Exercise material below:

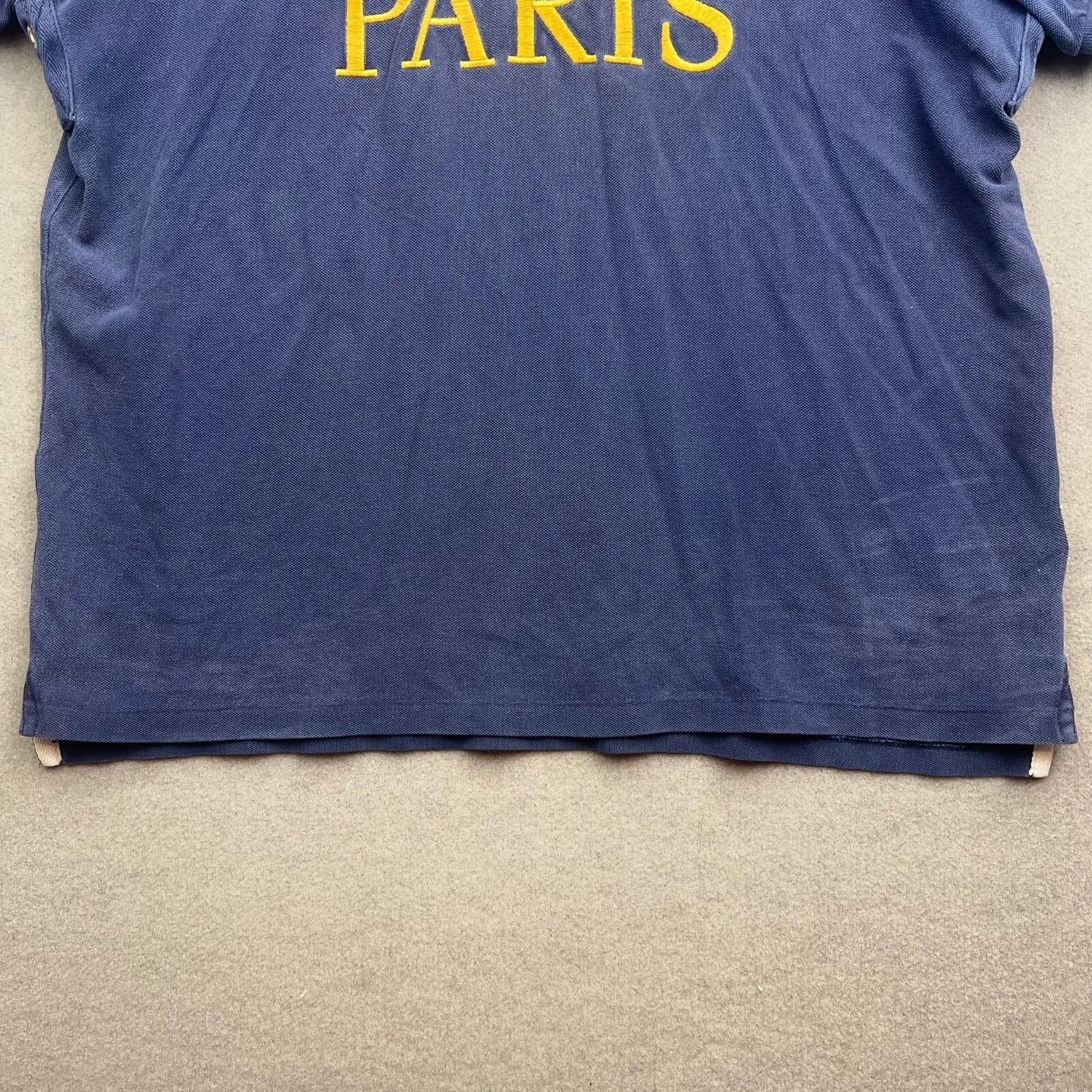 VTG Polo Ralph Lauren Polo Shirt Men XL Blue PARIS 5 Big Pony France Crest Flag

End of Exercise material.
Exercise material below:

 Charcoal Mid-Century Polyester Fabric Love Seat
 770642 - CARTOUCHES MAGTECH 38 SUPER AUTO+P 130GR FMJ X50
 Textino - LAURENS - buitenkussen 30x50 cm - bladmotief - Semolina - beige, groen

End of Exercise material.

[Task brief]: The required output is every line above from the one with "770642 - CARTOUCHES" down to the one with "Textino - LAURENS", restated word for word, ends included.

[Completed exercise]:
 770642 - CARTOUCHES MAGTECH 38 SUPER AUTO+P 130GR FMJ X50
 Textino - LAURENS - buitenkussen 30x50 cm - bladmotief - Semolina - beige, groen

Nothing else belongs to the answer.